By Jessica Davis, JTNews Correspondent
Jewish power in America and the role of women now and in the past was the focus of the Jan. 14 Connections dinner, a fund-raiser for the Jewish Federation of Greater Seattle.
Although Jews have achieved power in America, “we are in danger as well,” said keynote speaker Susan Estrich. “We have all this power, but we need to use it and we need to use it as Jews,” she said. “We are still vulnerable, not still victims…and we have to use our power effectively.”
Estrich was the first female president of the Harvard Law Review and the first woman to head a national presidential campaign (Michael Dukakis). She is a law professor at the University of Southern California and the author of several books, including her most recent Sex and Power. She is also a frequent guest on national news programs such as Firing Line and 60 Minutes.
Estrich told the more than 400 women at the Women’s Division event that the first thought in her head on Sept. 11 was “Thank God Lieberman isn’t vice president.” She said she’d never forget when former U.S. president John F. Kennedy died and her mother said, “Thank God it wasn’t a Jew.”
“How many of you thought on Sept. 11 that Quebec separatists were on the plane?” Estrich asked rhetorically. She said Sept. 11 sent a message: “To be Jewish still in this world is to be hated.”
Americans knew about the absolute persecution of Jews in Europe in the 1930s, said Estrich. “Jews didn’t have power in 1939 in middle America.”
Anti-Semitism didn’t go away in the ‘40s, ‘50s or ‘60s. According to Estrich, a study was done in the 1950s to find out who ruled America and the answer was rich, white WASPs. Thirty years later, white men still dominated America, but many of them were Jews. Almost none of the Jewish men were married to Jewish women and many had assimilated completely into the non-Jewish community, said Estrich.
Ninety percent of third-generation Jews have parents who are both Jewish, said Estrich. Only 40 percent of fourth-generation Jews have parents who are both Jewish. “You raise your child as nothing, you know what they’re going to be when they grow up: nothing,” she said.

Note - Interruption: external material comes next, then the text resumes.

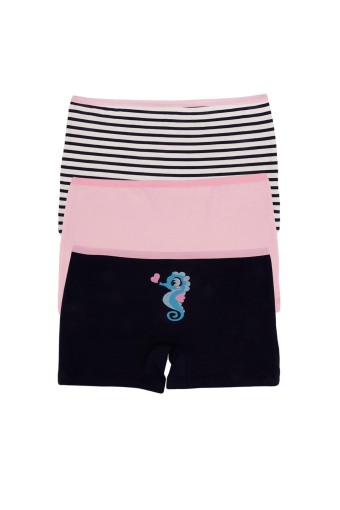 Domi - Domi Kids Kız Çocuk Boxer 3'lü - Asorti (1)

Estrich said there is nothing more frustrating than trying to raise money from women because many of them say they have to ask their husbands first. “We have enormous clout as women, but we don’t use it,” she said. “There is enormous power in this room.”
The women in the room pledged about $906,500 to the 2002 Community Campaign. The total Community Campaign now stands at $6,251,778. Approximately $4,049,993 of that is in unrestricted funds and $125,000 is for a special Israel Now campaign, to provide social services to the people of Israel during this difficult time.
During the course of the evening, Yossi Amrani, consul general of the State of Israel to the Pacific Northwest, congratulated Betty Lou Treiger for her achievement in being awarded the Althea Stroum Woman of Distinction Award. Treiger was honored with the award for her volunteer career with the Women’s Division and with many Jewish and other community organizations. Her daughter, Karen Treiger, followed Amrani in congratulating Betty Lou.
“She just did all the time,” said Karen Treiger. “She teaches us by doing.”
“She cares deeply for her friends, as they do for her,” she said. “Mom, I’m so proud to be your daughter.”
Althea Stroum presented the award to Betty Lou, reading a poem she wrote in Betty Lou’s honor. “We salute you, Betty Lou, as 2002 woman of the year,” said Stroum. Following her introduction, the attendees gave Betty Lou a standing ovation.
The theme of this dinner is memories, said Betty Lou. “We have memories of events, we have memories of places, but mostly we have memories of our families.”
Betty Lou gave attendees some information about her family’s background going back to Seattle in the 1870s. Her children are fifth-generation Seattle Jews. She said she remembered the stories her grandmother told her about her ancestors and the great Seattle fire. One of her more recent memories included a trip three years ago to a small village in Germany where she found the gravestone of her great-grandfather in an old Jewish cemetery.
American Jews are a better, stronger community today, said Betty Lou. “We have the strength to overcome adversity,” she said. “Thank you for being here with me this evening and sharing this wonderful honor.”
“Just as we are our ancestors, we are our children,” she said, in closing.
Community campaign chair Patty Lazarus reported: “This is a difficult time to be a campaign chair…. This year, the needs are even greater.”
“There are many Jews in the world that need our help,” said Lazarus. Two thirds of the funds raised stay in the greater Seattle area, to feed the hungry and house the homeless, she said. Half of every dollar contributed is spent on basic human needs.
Rivy Kletenik presented the D’var Torah and Hamotzi that night. Kletenik urged attendees to “remember this day.”
“Let us pray that we will be graced with a degree of forgetfulness,” said Kletenik. “Our memory must be selective and discerning.”
Connections, hosted by the Women’s Division of the Jewish Federation, is the largest annual gathering of Jewish women in the Seattle area, said Event Chair Tina Novick. The theme of the evening was “Connecting to Our Jewish Memory.”
“As Jews, memory is especially important,” said Novick.